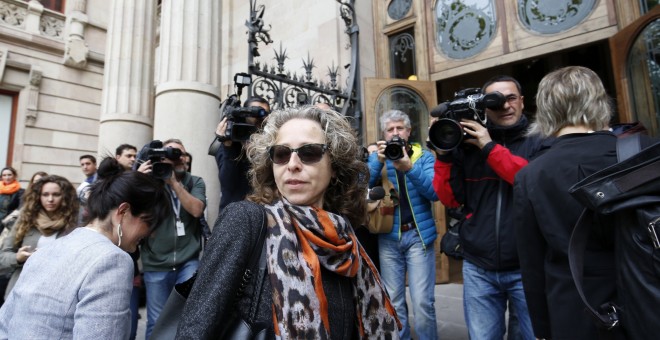 Ester Quintana, la mujer que perdió el ojo por la actuación policial durante la huelga general del 14 de noviembre de 2012, a su llegada  a la Audiencia de Barcelona. EFE/Alejandro García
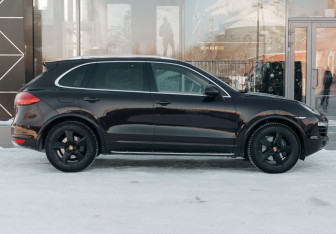 Подержанный автомобиль Porsche Cayenne 2014 года (4 фото)
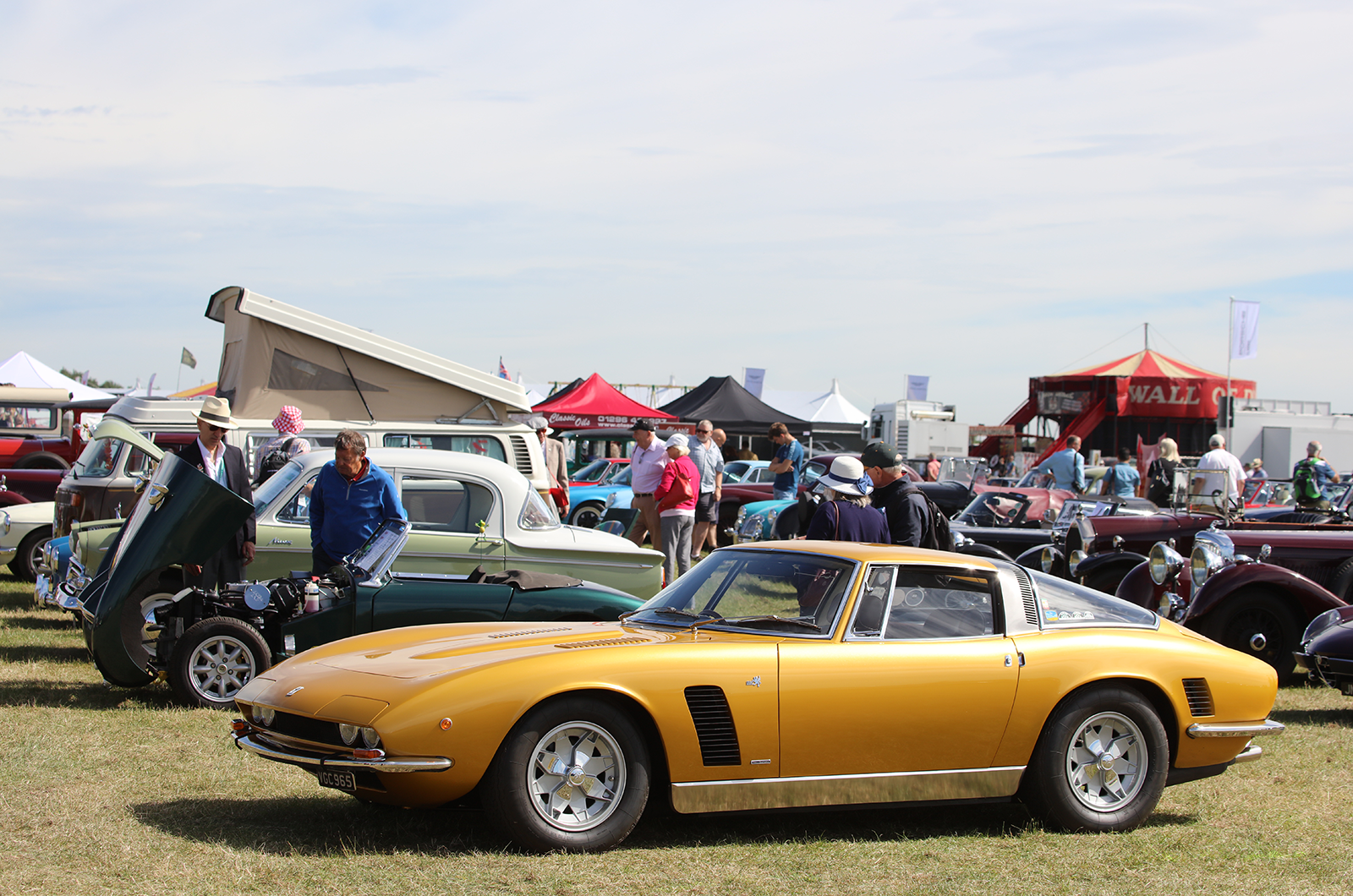 The sun shines on The Classic & Sports Car Show in association with Flywheel 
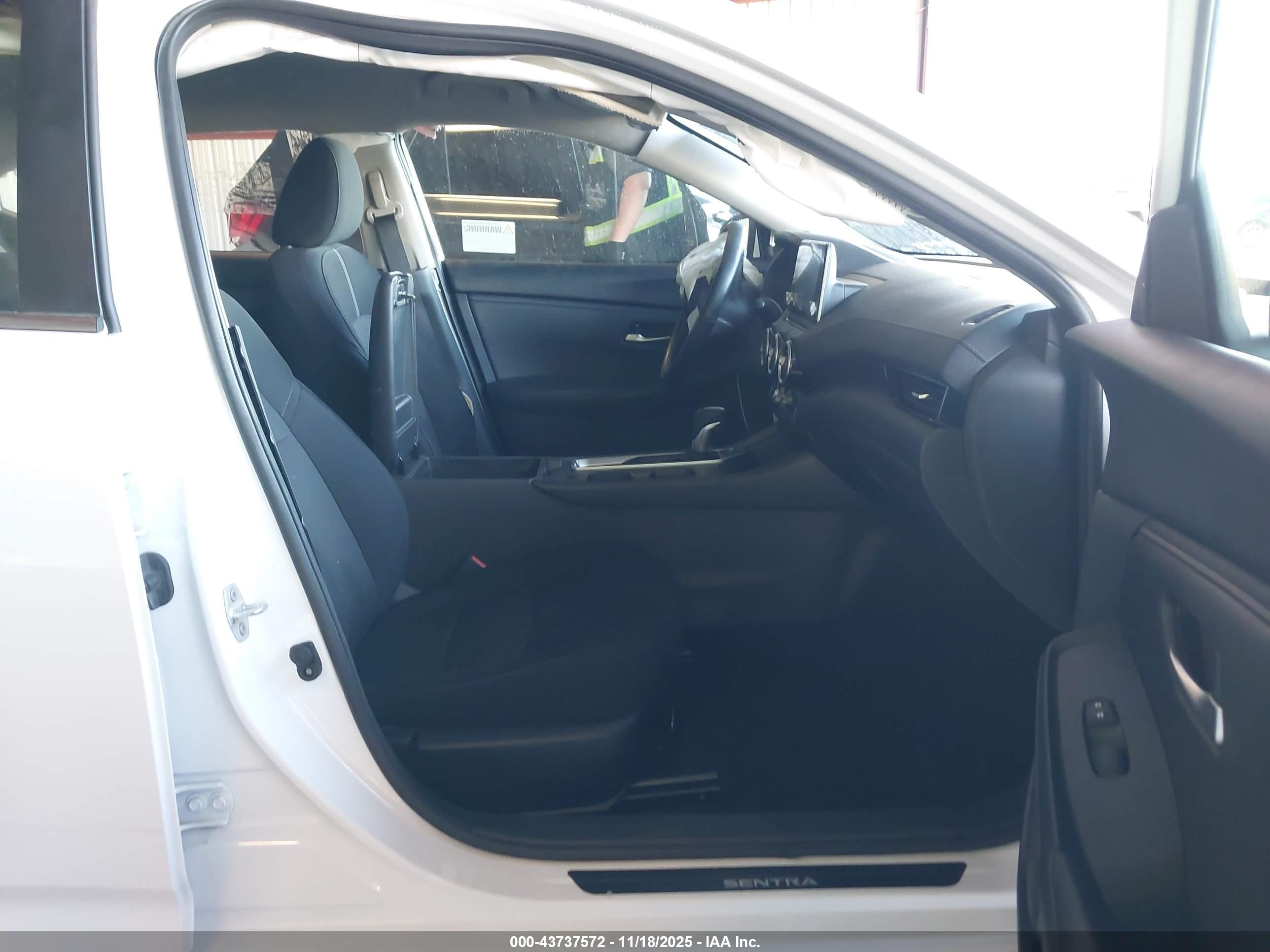 NISSAN SENTRA image 5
==================================================
The expected answer is the data retyped exactly, without pictures.

## WRITTEN RESPONSE:
 Ester Quintana, la mujer que perdió el ojo por la actuación policial durante la huelga general del 14 de noviembre de 2012, a su llegada  a la Audiencia de Barcelona. EFE/Alejandro García
 Подержанный автомобиль Porsche Cayenne 2014 года (4 фото)
 The sun shines on The Classic & Sports Car Show in association with Flywheel 
 NISSAN SENTRA image 5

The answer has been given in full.